Stored data entries
--*--

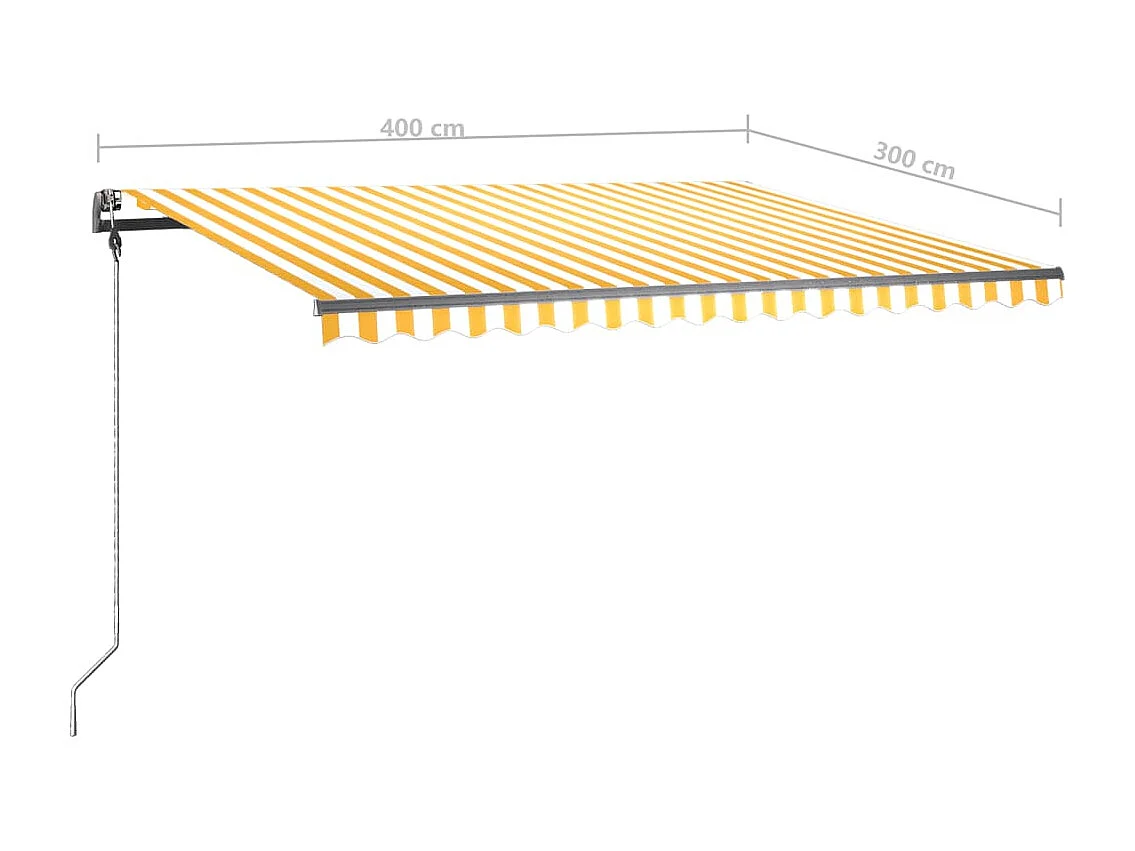 Toldo de pie retráctil manual amarillo y blanco 400x300 cm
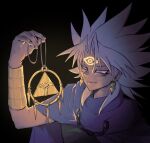  1boy black_background commentary_request dark dark-skinned_male dark_skin earrings glowing jewelry long_hair male_focus millennium_ring smile upper_body violet_eyes yagamikan yami_marik yu-gi-oh! yu-gi-oh!_duel_monsters 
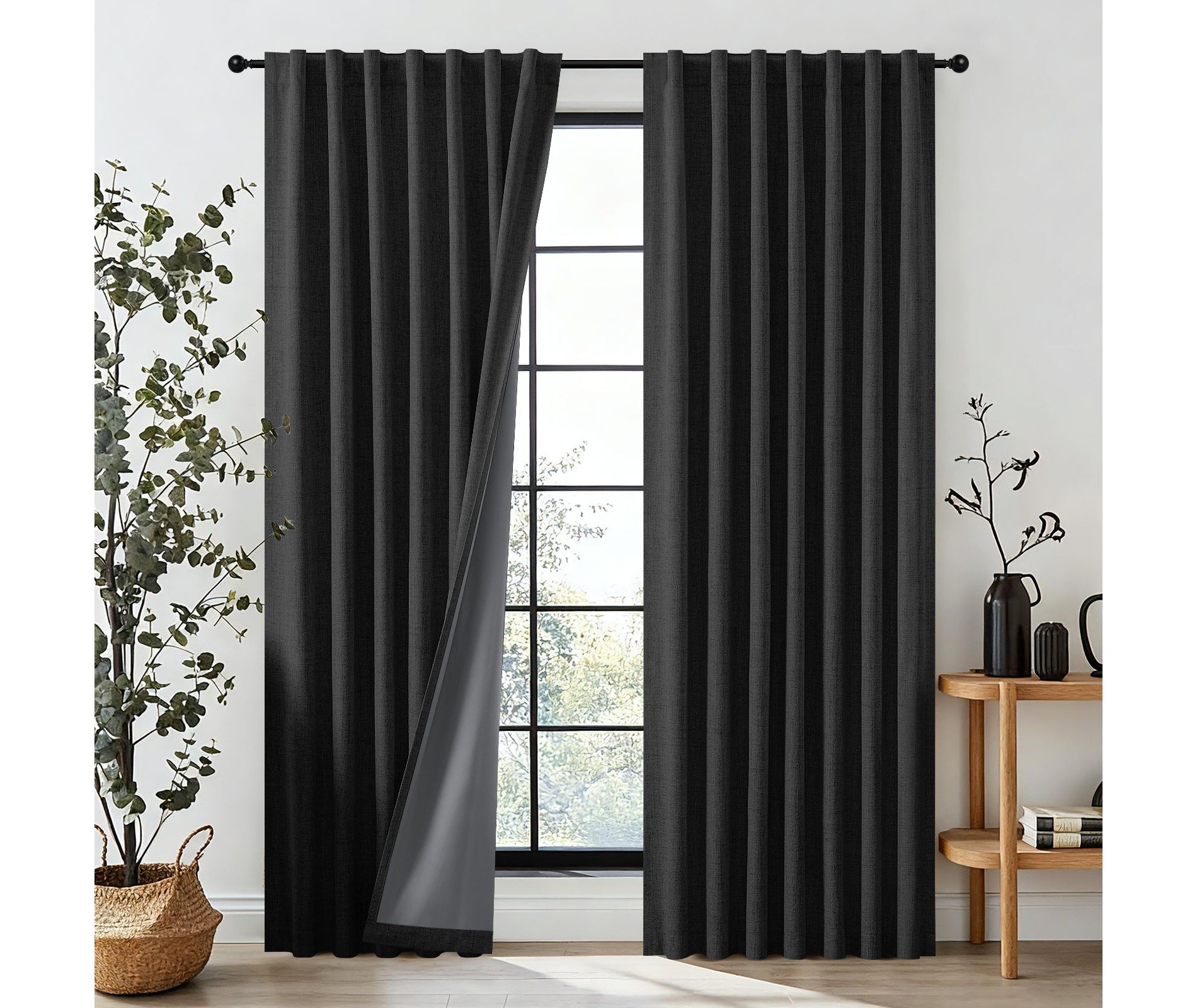 JoyDeco Thermal Insulated Faux Linen Textured 100% Blackout Curtains for Bedroom Rod Pocket & Back Tabs ( Set of 2 )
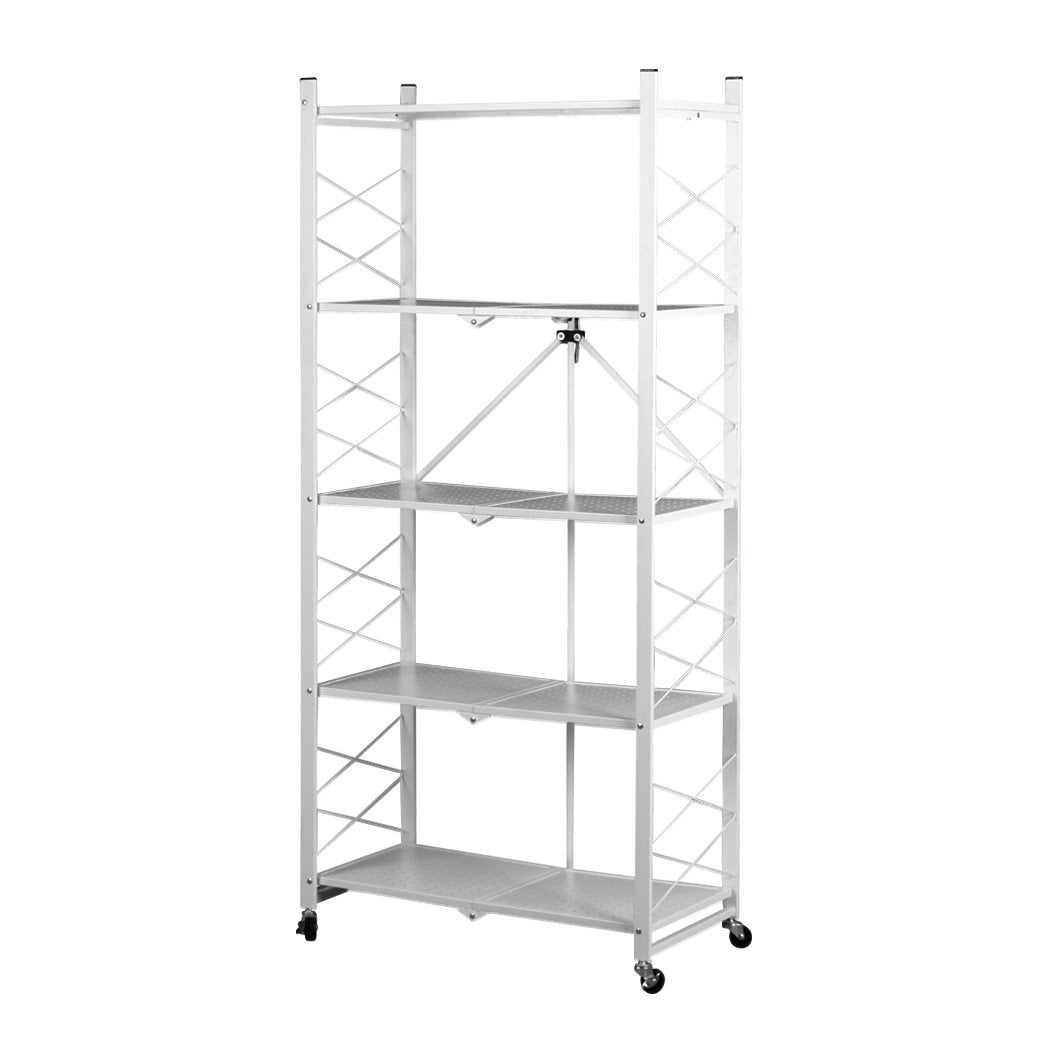 Foldable Storage Shelf Display Rack Bookshelf Bookcase Shelving Metal ...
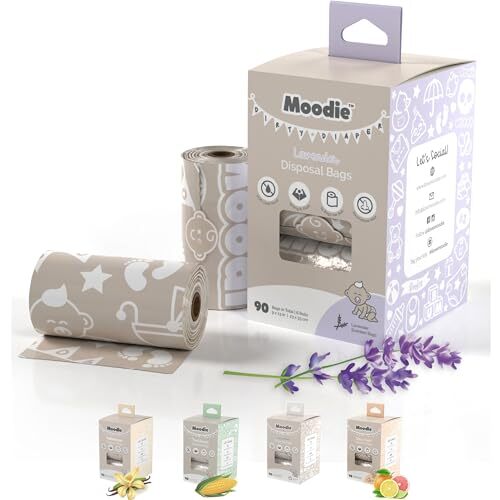 Disposable Diaper Bags (90 BAGS TOTAL) | LAVENDER SCENTED Dirty Diaper Bags D...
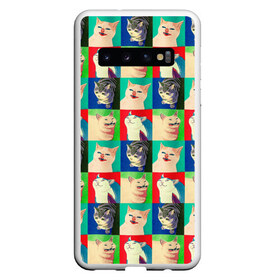 Чехол для Samsung Galaxy S10 с принтом mem cats в Новосибирске, Силикон | Область печати: задняя сторона чехла, без боковых панелей | Тематика изображения на принте: mem cats | винтаж | интернет прикол | мемы про котов | ретро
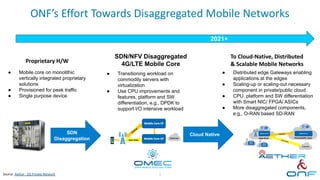 ONF’s Effort Towards Disaggregated Mobile Networks
2021+
Proprietary H/W
● Mobile core on monolithic
vertically integrated proprietary
solutions
● Provisioned for peak traffic
● Single purpose device
SDN
Disaggregation
SDN/NFV Disaggregated
4G/LTE Mobile Core
● Transitioning workload on
commodity servers with
virtualization
● Use CPU improvements and
features, platform and SW
differentiation, e.g., DPDK to
support I/O intensive workload
Cloud Native
To Cloud-Native, Distributed
& Scalable Mobile Networks
● Distributed edge Gateways enabling
applications at the edges
● Scaling-up or scaling-out necessary
component in private/public cloud
● CPU, platform and SW differentiation
with Smart NIC/ FPGA/ ASICs
● More disaggregated components,
e.g., O-RAN based SD-RAN
4
Source: Aether : 5G Private Network
 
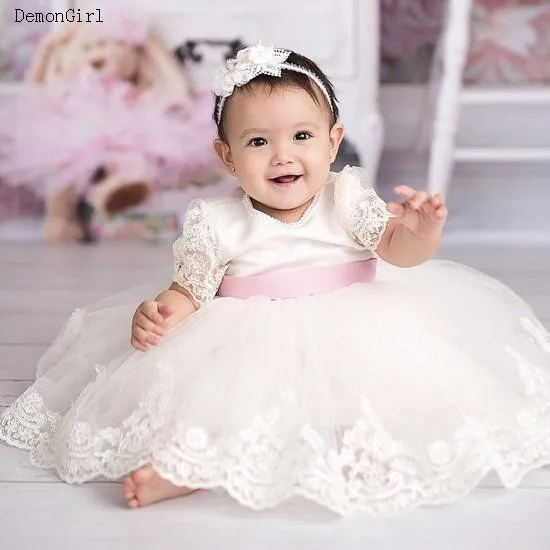 6M-14Y Tập Đi Cho Bé Kid Đầm Bé Gái Phối Ren Nơ ĐẦM DỰ TIỆC Christening 1st Sinh Nhật Đầm Tay Ngắn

--*--

TASK STATEMENT: Word for word, repeat the lines above from the one with "Чехол для Samsung" through the one with "Scalable Mobile Networks", and nothing beyond them. Omit the pictures.

RESPONSE AREA:
 Чехол для Samsung Galaxy S10 с принтом mem cats в Новосибирске, Силикон | Область печати: задняя сторона чехла, без боковых панелей | Тематика изображения на принте: mem cats | винтаж | интернет прикол | мемы про котов | ретро
 ONF’s Effort Towards Disaggregated Mobile Networks
2021+
Proprietary H/W
● Mobile core on monolithic
vertically integrated proprietary
solutions
● Provisioned for peak traffic
● Single purpose device
SDN
Disaggregation
SDN/NFV Disaggregated
4G/LTE Mobile Core
● Transitioning workload on
commodity servers with
virtualization
● Use CPU improvements and
features, platform and SW
differentiation, e.g., DPDK to
support I/O intensive workload
Cloud Native
To Cloud-Native, Distributed
& Scalable Mobile Networks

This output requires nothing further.